Ne yazık ki biz de tam böyle bir toplumuz işte...
Böyle siyasetçiler var diye tutsak değiliz tam tersine özgür olmaya korktuğumuz için böyle siyasetçiler var
ülkemizde...
***
7 Haziran geliyor... Bildiğimiz herşey değişebilir...
Kaç kişi, kaçımız özgürlükler ya da kendi özgürlüğümüz için oy kullanacağız?
Kaçımız herkesin eşit biçimde özgür olacağı bir sistemi istediğini belirtecek biçimde oy kullanacak?

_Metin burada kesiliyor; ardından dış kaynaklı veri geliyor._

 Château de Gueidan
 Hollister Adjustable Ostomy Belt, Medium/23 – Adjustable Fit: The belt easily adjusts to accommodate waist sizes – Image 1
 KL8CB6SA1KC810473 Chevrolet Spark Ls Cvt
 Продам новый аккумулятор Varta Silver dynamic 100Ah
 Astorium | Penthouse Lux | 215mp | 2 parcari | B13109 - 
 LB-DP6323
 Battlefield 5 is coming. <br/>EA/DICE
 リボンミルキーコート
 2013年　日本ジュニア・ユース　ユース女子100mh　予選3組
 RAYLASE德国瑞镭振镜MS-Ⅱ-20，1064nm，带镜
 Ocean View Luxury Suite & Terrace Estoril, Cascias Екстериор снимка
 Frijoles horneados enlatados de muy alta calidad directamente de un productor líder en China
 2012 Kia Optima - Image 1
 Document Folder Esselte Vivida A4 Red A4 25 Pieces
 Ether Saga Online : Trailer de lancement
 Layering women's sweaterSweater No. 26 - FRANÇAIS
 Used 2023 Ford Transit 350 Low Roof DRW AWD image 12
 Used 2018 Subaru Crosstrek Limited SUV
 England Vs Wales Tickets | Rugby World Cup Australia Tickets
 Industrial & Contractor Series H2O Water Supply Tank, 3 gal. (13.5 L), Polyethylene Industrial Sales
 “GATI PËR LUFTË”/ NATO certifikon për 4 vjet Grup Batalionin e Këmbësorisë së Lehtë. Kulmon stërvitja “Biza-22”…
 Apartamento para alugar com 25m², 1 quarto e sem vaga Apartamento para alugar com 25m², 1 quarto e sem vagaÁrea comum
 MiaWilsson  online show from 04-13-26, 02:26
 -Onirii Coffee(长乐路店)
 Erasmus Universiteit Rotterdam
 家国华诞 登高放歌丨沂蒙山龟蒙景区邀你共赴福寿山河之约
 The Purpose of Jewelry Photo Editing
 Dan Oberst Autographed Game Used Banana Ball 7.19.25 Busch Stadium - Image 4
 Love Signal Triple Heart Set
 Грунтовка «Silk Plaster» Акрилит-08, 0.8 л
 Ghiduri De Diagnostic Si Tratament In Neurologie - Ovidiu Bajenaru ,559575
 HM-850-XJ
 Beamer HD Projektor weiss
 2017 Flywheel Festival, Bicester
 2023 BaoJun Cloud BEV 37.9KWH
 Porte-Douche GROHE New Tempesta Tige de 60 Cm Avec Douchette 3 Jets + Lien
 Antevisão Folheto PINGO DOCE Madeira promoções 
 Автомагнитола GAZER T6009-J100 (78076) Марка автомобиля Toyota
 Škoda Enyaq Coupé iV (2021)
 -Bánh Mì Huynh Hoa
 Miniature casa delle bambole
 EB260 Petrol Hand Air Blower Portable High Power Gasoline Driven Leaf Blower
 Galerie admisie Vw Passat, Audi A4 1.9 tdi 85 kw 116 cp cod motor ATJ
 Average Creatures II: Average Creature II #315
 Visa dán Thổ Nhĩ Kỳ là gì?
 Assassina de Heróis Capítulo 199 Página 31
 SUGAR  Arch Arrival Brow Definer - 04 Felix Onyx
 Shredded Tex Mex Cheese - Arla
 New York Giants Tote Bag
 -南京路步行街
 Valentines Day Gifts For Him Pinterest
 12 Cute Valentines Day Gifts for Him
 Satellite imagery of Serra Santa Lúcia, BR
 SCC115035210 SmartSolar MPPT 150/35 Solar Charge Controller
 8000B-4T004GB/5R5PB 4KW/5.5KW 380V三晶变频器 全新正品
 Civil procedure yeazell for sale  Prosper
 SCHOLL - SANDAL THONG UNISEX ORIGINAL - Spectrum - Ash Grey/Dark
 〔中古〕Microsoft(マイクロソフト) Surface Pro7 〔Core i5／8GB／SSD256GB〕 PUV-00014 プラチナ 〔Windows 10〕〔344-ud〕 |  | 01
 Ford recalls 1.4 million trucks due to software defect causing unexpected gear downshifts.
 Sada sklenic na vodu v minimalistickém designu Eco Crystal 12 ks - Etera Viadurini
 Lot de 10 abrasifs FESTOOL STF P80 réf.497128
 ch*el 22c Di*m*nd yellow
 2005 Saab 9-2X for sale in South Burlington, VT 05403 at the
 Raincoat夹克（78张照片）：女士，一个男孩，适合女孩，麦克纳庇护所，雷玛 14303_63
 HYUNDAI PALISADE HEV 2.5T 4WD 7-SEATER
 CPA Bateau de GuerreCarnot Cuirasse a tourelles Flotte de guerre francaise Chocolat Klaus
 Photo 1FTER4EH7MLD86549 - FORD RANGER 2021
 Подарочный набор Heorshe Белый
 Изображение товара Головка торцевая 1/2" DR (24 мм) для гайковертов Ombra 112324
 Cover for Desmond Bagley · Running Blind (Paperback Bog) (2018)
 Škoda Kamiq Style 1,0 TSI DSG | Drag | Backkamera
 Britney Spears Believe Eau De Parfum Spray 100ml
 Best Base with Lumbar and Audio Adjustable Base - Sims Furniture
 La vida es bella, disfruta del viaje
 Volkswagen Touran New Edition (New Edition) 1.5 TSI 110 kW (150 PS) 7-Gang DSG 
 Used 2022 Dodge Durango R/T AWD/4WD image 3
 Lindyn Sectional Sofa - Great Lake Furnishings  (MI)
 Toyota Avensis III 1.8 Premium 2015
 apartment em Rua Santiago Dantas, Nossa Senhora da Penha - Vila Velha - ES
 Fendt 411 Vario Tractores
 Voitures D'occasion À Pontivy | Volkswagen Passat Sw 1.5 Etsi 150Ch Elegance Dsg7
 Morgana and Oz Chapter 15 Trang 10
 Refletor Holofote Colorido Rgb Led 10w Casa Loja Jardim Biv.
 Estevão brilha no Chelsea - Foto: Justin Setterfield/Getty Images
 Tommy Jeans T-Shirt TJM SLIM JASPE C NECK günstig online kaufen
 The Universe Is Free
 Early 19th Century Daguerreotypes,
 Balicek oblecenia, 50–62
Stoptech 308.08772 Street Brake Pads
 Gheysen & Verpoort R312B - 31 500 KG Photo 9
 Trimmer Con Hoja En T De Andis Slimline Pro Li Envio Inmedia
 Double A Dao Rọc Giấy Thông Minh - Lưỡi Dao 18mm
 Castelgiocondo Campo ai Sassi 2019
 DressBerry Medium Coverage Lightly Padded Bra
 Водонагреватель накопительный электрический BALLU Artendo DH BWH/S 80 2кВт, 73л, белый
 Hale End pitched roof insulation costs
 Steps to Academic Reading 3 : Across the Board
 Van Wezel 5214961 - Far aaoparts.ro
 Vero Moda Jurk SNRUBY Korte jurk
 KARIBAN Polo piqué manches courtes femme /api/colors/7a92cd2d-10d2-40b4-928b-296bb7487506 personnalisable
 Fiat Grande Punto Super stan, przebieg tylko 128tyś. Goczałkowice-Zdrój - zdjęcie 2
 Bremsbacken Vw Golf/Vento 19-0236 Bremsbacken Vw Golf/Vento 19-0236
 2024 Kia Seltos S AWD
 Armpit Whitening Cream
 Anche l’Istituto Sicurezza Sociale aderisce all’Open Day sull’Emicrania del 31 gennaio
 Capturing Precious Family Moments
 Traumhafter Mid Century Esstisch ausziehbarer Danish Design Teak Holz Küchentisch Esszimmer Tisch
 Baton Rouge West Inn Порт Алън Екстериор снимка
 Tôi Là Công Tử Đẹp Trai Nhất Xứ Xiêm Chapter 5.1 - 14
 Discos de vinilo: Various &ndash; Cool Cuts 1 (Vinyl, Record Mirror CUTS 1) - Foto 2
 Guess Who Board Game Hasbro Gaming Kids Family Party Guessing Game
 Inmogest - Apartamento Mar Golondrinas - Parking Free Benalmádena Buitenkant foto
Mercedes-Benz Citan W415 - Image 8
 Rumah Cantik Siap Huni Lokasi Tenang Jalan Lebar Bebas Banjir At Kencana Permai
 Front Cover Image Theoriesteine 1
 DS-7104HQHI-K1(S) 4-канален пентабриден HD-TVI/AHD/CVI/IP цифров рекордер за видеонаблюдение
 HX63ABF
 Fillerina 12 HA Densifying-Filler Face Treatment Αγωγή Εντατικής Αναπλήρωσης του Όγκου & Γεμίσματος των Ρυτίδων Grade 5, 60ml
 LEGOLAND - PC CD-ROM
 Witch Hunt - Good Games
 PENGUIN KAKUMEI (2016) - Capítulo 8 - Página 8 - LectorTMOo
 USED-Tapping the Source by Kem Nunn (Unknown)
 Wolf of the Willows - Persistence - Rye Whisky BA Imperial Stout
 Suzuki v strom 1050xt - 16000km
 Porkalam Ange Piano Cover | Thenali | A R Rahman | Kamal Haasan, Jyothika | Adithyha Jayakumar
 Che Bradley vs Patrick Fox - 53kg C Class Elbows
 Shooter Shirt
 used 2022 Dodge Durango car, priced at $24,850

Kaçımız özgür bir toplumda özgür bireyler olarak yaşamak istediğini açıkça ifade edecek oylarıyla?
Pek azımız...
***
Hepimiz uğraşıp didinip, kendimize bir hücre yapıyoruz...
Ve, onun içine girip hapsediyoruz kendimizi...
Artık bütün dünya o küçük hücre oluyor insan için...
Hücremizin dışında olup bitenlerle hiç ilgilenmiyoruz...
Kendi kurduğumuz hücrenin duvarlarına alışıyor ve hep o duvarları görmek, hep o duvarları konuşmak istiyoruz...
Üstelik onların duvar olduğunu da bilmiyoruz. Hücrenin duvarlarını ufuk çizgisi sanıyoruz...
Bu kadar sığ ve derinliksiz fikirlerin etrafda uçuşmasının onları bu denli önemsememizin tesadüf olduğunu düşünmüyorsunuz herhalde...öyle değil mi?
***
Başka dünyaların insanları ‘hücrelerinin dışına çıkıp’ kendilerinin dışında neler olup bittiğini,yeryüzünü, bilimsel gelişmeleri, edebiyat maceralarını merak ediyor...
Biz hücrelerimizde donuk, hareketsiz, karanlık ve galiba epeyce anlamsız bir hayat sürdürmek için diretiyoruz...
Bu da bir hayat tarzı elbet...
Ama bu “tarz”dan mutluluk ve yaratıcılık çıkmıyor. Yorucu ve monoton bir didişme çıkıyor.
Baskı çıkıyor, yasak çıkıyor, çatışma ve nefret çıkıyor.
***
Yaşamak için hücrelerin dışına çıkmak gerek.
Bu da ancak “duvarları” fark etmek ve onları yıkmak istemekle mümkün herhalde.
Bir hücreyi koca bir dünya sanarak gerçek bir yaşama kavuşulmuyor çünkü.Dışarda bir dünya var.
İnsanların özgürce yaşadığı bir dünya…Bilimin, sanatın, eğlencenin, şakanın, kahkahanın olduğu bir dünya.
O dünyaya katılmak istemiyor musunuz?
Katılmak istiyorsanız, bunun için ne yapıyorsunuz?